Note: this problem can be done entirely by hand. If you wish to use R, you can input the given summary statistics directly – for example, bcg.mean <- 0.6052 – and perform the calculations as in the lab activity.

# input summary statistics directly for this problem

# point estimate for population mean is sample mean
bgc.mean <- 0.6052

# point estimate for population sd is sample sd
bgc.sd <- 0.0131

# deviation of 0.63, relative to sd
(0.63 - bgc.mean)/bgc.sd
[1] 1.89313
# interval for the population mean
bgc.mean + c(-1, 1)*2*bgc.sd/sqrt(70)
[1] 0.6020685 0.6083315
# repeat e, but suppose only 30 nests were measured
bgc.mean + c(-1, 1)*2*bgc.sd/sqrt(30)
[1] 0.6004166 0.6099834
  1. The (population) mean BGC of nests is estimated to be 0.6052.
  2. The (population) standard deviation of BGC of nests is estimated to be 0.0131.
  3. A BGC value of 0.63 would be somewhat high, but not too extreme – it is 1.9 times the average distance from the sample mean.
  4. The mean BGC of nests is estimated to be between 0.6021 and 0.6083 units.
  5. If the sample size had been 30, the interval estimate would be wider.
  1. The temps dataset contains measurements of body temperature and heart rate for a random sample of adults. The provided code splits the body temperature data into groups by sex.

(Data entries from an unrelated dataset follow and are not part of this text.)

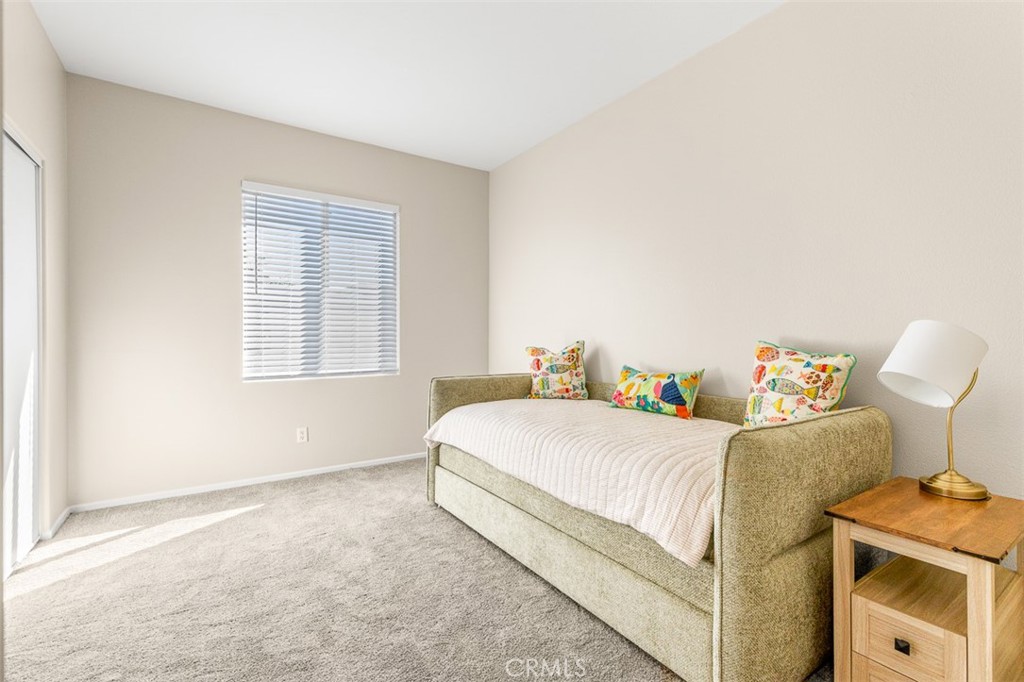 638 Sumner Way Oceanside, CA 92058 - Photo 13 of 17 a bedroom with a bed and a window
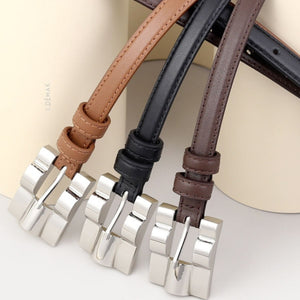 Slim cowhide leather belts in black, coffee brown, and brown with silver buckles.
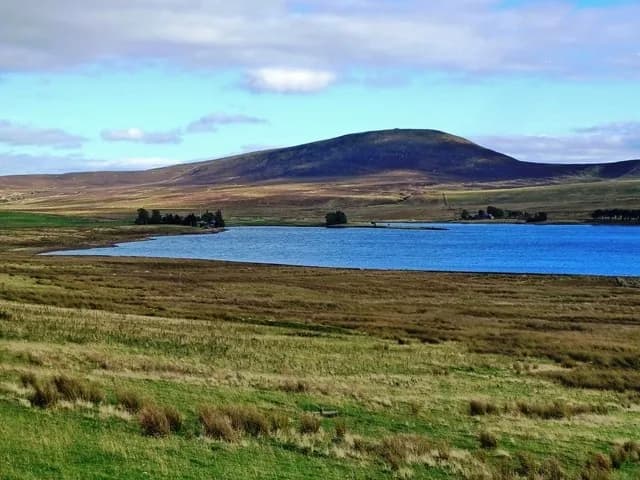 Wide view across Harperrig Reservoir towards East Cairn Hill in the Pentland Hills
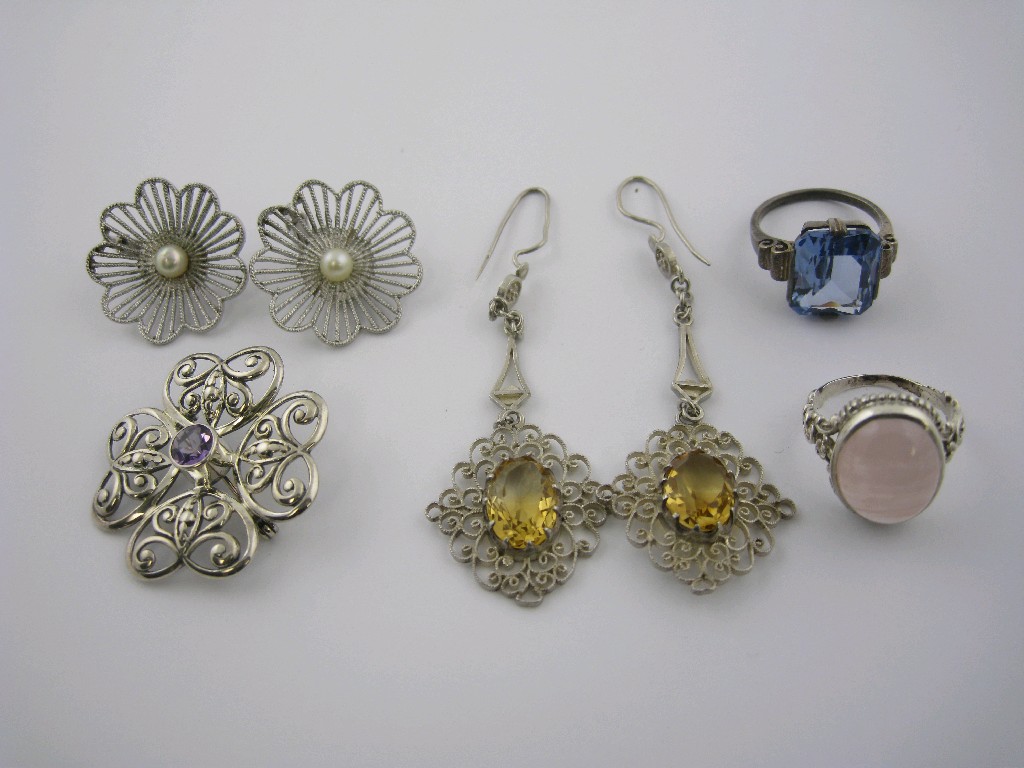 Appraisal: A pair of filigree Ear Pendants each claw-set oval-cut citrine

    1. [L4] Compute a 90% confidence interval for the mean female body temperature and interpret the interval in context in conventional style.
    2. [L4] Compute a 90% confidence interval for the mean male body temperature and interpret the interval in context in conventional style.
    3. [L4] Do the intervals suggest a sex difference in mean body temperature? Why or why not?
# load data
load('data/temps2.RData')

# split observations into two groups by sex
temps.split <- split(temps$body.temp, temps$sex)
temps.m <- temps.split$male
temps.f <- temps.split$female

# confidence interval for mean body temps for female
temps.f.mean <- mean(temps.f)
temps.f.se <- sd(temps.f)/sqrt(65)
cval.f <- qt(0.95, df = 64)
temps.f.mean + c(-1, 1)*cval.f*temps.f.se
[1] 98.23993 98.54776
# confidence interval for mean body temps for male
temps.m.mean <- mean(temps.m)
temps.m.se <- sd(temps.m)/sqrt(65)
cval.m <- qt(0.95, df = 64)
temps.m.mean + c(-1, 1)*cval.m*temps.m.se
[1] 97.95996 98.24927
  1. With 90% confidence, the mean female body temperature is estimated to be between 98.24 and 98.55 degrees Farenheit.
  2. With 90% confidence, the mean male body temperature is estimated to be between 97.96 and 98.24 degrees Farenheit.
  3. The intervals overlap slightly, so there are common values that are plausible for both means at the specified confidence level, such as 98.24. The intervals therefore do not suggest a sex difference.